### Directions for this task
The answer must be every line from the entries below that contains "định".

### Listed records
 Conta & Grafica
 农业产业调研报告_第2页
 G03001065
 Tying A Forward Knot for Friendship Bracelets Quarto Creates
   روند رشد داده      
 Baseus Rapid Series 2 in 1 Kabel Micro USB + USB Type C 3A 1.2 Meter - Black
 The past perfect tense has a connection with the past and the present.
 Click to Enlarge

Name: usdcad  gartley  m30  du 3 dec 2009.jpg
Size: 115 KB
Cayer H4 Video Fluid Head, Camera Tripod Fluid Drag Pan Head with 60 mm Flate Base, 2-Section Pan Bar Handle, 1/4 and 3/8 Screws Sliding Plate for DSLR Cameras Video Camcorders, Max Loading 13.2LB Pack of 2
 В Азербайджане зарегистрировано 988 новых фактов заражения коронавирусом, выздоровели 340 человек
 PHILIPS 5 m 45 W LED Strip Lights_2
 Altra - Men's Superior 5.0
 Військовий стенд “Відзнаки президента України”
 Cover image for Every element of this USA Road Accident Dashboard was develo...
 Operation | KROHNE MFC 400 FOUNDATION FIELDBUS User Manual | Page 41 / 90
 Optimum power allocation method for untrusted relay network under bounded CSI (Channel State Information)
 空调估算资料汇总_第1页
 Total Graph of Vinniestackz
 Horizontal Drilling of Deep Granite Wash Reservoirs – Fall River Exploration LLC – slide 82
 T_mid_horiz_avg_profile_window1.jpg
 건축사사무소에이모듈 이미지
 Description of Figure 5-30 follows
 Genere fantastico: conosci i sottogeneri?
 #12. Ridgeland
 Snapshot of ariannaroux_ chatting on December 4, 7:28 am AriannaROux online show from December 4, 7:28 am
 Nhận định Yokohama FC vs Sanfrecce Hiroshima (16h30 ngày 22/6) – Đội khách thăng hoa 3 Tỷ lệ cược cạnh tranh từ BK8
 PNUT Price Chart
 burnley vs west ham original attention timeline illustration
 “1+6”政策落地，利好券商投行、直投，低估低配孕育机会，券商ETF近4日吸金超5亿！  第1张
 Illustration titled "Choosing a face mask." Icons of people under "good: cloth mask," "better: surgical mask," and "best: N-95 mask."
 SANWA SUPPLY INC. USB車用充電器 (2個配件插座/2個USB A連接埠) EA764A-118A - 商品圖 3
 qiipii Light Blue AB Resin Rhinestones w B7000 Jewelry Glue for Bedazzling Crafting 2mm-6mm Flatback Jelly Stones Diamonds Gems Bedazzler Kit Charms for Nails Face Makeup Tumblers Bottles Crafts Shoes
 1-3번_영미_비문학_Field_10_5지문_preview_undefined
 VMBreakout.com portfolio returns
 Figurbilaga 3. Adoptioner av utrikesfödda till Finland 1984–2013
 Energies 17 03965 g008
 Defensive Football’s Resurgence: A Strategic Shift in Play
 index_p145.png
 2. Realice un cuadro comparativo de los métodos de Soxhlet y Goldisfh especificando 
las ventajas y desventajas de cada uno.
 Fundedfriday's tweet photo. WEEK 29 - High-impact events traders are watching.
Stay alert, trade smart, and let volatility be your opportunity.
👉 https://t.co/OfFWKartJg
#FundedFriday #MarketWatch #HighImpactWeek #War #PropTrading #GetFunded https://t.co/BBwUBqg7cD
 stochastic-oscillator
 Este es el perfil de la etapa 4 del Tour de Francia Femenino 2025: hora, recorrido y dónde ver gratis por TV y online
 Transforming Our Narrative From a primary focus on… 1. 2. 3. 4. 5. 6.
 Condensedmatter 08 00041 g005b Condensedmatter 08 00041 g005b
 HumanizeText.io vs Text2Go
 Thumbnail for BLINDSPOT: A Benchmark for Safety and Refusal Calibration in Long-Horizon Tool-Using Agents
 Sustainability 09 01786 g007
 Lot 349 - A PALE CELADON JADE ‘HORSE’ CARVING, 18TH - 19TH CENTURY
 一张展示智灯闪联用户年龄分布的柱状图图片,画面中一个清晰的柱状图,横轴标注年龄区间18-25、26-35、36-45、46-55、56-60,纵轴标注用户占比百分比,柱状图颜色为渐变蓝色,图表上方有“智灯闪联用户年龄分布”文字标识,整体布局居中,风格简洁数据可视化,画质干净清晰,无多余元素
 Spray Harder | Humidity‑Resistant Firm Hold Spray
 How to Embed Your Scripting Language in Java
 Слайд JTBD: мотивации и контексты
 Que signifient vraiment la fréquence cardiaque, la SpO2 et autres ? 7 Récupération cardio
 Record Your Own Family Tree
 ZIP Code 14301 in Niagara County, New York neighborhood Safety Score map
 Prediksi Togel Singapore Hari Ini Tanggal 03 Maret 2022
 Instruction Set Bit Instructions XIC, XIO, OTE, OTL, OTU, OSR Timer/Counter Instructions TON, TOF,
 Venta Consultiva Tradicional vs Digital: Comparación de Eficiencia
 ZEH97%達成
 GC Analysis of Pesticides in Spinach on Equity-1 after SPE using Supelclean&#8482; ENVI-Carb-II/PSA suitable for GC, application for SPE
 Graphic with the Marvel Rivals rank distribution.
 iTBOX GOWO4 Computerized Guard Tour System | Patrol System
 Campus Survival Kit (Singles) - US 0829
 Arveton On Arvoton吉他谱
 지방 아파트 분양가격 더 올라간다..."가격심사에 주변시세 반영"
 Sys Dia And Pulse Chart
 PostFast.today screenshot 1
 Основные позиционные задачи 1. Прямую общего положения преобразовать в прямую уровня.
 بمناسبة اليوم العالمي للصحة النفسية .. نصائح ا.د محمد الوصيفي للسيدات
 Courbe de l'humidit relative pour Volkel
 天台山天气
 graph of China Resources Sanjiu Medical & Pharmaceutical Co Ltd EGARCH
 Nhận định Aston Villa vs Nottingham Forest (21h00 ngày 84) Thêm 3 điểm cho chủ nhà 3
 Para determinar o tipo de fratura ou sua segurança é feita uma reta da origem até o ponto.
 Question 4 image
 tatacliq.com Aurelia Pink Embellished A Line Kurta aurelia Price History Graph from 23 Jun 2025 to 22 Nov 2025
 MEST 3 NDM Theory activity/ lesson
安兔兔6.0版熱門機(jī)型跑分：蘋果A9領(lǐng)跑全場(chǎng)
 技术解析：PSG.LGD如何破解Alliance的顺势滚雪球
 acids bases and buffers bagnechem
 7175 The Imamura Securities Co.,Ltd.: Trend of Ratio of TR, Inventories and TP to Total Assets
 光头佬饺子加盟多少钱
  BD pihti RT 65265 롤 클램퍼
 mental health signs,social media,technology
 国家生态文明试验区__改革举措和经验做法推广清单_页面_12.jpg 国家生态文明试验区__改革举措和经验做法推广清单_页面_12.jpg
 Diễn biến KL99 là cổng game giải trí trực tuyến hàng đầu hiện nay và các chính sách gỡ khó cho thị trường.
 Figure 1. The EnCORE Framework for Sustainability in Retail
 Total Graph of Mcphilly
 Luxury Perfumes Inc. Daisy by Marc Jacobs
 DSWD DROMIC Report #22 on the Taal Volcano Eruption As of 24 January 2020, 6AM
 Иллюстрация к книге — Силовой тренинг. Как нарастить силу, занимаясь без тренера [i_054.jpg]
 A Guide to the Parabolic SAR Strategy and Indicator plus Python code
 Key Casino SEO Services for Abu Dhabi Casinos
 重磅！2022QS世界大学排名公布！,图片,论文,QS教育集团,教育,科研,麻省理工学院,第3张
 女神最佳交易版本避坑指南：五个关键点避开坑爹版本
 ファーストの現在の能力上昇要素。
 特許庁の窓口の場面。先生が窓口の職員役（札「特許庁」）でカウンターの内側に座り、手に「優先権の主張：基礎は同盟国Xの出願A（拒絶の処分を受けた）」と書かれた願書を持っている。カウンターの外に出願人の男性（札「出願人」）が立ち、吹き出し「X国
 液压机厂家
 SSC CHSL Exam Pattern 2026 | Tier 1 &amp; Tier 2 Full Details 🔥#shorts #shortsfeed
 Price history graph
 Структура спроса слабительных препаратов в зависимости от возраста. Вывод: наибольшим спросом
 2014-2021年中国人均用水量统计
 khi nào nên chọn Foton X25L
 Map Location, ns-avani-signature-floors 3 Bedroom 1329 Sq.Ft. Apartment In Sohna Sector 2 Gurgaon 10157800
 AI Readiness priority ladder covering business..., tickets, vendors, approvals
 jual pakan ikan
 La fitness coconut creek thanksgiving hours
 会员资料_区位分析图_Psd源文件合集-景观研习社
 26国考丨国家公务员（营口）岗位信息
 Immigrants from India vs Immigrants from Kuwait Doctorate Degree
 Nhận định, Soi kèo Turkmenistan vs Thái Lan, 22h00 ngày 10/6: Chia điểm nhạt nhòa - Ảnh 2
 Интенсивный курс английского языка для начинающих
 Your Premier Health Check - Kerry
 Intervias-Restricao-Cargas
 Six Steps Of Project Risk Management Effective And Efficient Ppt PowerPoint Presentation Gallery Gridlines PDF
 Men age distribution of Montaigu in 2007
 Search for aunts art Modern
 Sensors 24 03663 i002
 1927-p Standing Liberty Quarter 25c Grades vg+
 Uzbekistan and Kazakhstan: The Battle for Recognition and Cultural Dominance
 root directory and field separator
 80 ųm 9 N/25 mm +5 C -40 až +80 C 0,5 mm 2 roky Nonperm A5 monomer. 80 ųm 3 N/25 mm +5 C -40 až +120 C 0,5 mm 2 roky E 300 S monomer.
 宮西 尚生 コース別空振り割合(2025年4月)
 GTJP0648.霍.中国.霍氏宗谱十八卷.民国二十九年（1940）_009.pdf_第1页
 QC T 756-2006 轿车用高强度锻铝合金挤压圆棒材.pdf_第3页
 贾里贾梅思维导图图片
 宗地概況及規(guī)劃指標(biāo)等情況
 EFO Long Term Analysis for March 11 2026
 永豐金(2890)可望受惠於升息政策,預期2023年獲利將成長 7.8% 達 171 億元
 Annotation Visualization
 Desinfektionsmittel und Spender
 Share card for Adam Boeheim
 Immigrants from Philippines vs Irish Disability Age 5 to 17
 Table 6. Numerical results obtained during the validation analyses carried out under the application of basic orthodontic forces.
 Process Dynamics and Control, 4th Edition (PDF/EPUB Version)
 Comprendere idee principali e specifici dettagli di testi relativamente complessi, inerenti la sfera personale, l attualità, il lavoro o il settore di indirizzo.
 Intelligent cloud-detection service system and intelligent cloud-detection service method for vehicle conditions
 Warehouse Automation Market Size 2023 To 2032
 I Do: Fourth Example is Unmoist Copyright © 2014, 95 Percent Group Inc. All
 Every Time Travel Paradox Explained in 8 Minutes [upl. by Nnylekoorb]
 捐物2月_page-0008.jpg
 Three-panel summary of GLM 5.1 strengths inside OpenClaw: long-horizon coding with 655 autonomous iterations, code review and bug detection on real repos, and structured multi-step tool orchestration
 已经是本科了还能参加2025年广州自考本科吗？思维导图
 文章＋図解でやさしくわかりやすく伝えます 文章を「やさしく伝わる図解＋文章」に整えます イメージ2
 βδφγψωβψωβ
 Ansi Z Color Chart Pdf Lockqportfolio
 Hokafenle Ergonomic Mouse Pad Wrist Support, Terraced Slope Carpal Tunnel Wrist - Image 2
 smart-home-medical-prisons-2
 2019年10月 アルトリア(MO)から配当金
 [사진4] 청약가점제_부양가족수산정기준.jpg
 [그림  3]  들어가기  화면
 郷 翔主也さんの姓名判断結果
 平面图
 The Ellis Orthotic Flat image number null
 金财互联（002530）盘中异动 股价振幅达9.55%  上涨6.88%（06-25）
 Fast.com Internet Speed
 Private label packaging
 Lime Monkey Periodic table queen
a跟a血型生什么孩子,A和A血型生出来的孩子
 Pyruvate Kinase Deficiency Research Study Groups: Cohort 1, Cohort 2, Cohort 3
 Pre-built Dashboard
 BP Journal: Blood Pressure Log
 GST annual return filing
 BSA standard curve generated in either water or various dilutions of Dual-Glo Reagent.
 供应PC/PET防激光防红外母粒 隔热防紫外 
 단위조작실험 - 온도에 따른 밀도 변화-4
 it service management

### Exercise solution
 Nhận định Yokohama FC vs Sanfrecce Hiroshima (16h30 ngày 22/6) – Đội khách thăng hoa 3 Tỷ lệ cược cạnh tranh từ BK8
 Nhận định Aston Villa vs Nottingham Forest (21h00 ngày 84) Thêm 3 điểm cho chủ nhà 3
 Nhận định, Soi kèo Turkmenistan vs Thái Lan, 22h00 ngày 10/6: Chia điểm nhạt nhòa - Ảnh 2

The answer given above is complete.